# Do animals appear to be frightened of you?



## owlet (May 7, 2010)

Animals generally like me, but sometimes cats walk away from me when I try to stroke them (I think it's the same reason they turn their backs when people try to take photos of them ). I absolutely love animals, even though I find dogs a bit scary. I think animals will generally like people who don't intend them harm or try to upset the animal - animals are very open-minded and accepting most of the time.


----------



## Extraverted Delusion (Oct 23, 2011)

Offtopic but Ive noticed INFPs have a "good" use of Ne, piquing their natural curiosity w/ cool questions like these.

Respective to the topic though, it generally varies. I'd guess thats normal for an ENTP?


----------



## Sayonara (May 11, 2012)

I like animals in general, and would never harm them, but the feeling isn't always reciprocated sadly.

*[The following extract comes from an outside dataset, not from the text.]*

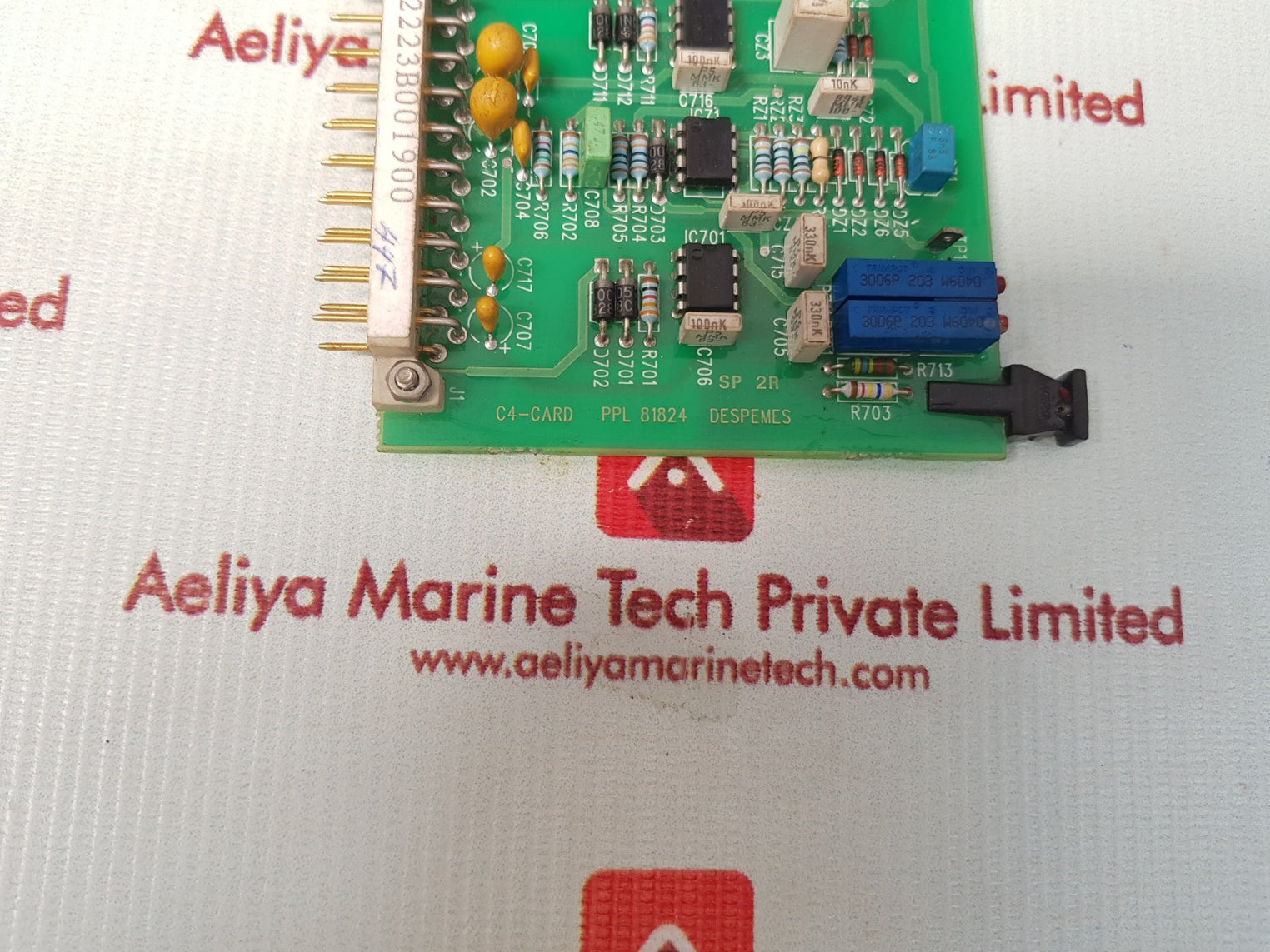 Wartsila c4-card ppl 81824 pcb card 2223b001900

My nervous nature I think kind of upsets them. 

Cats and birds though seem to really take to me.


----------



## viva (Aug 13, 2010)

People always jokingly call me the dog whisperer because animals usually warm up to me really quickly, even if they don't usually like strangers.


----------



## Elaminopy (Jun 29, 2011)

It depends on the animal for me. Squirrels are slightly curious, but run away. Stray cats on the sidewalk stare intensely at me and run away as I approach. I walk to work every day by the way.

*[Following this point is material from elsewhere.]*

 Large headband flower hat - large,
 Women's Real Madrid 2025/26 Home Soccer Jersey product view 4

People's cats in their house usually ignore me, but I like cats so I gravitate toward them and scratch their head, chin, and back. This makes them be all like, "Holy crap! What is this awesomeness!?" and they want to hang around me until I go somewhere else, then they seem to slightly gravitate toward me. I've owned several cats and been around many others and never had one bite or scratch me other than in play. And I've rubbed every cat I've pet "the wrong way" from head to tail and from tail to head. It might just be the cats I've pet don't mind.

Dogs in cars or behind fences bark at me. Little dogs on the sidewalk bark at me and try to guard their square on the sidewalk. I act as if they aren't there and they usually jump out of the way as I get close. Large dogs walking with their owners passing by me try to come up to me and if the owner doesn't keep them away, the dog merely passes right next to me and slightly lifts it's head up. I put my hand down to pet it's head, but usually the dog just keeps walking. One time I was walking home and suddenly felt a slight push on the back of my leg. It startled me and I saw a black Lab-type dog in the corner of my eye depart from behind me to a nearby yard. It never even looked back at me. I wondered where it came from and why it ran into me. When I'm visiting someone who has dogs in their house they come over to me and want to lick and sniff me the whole time I'm there.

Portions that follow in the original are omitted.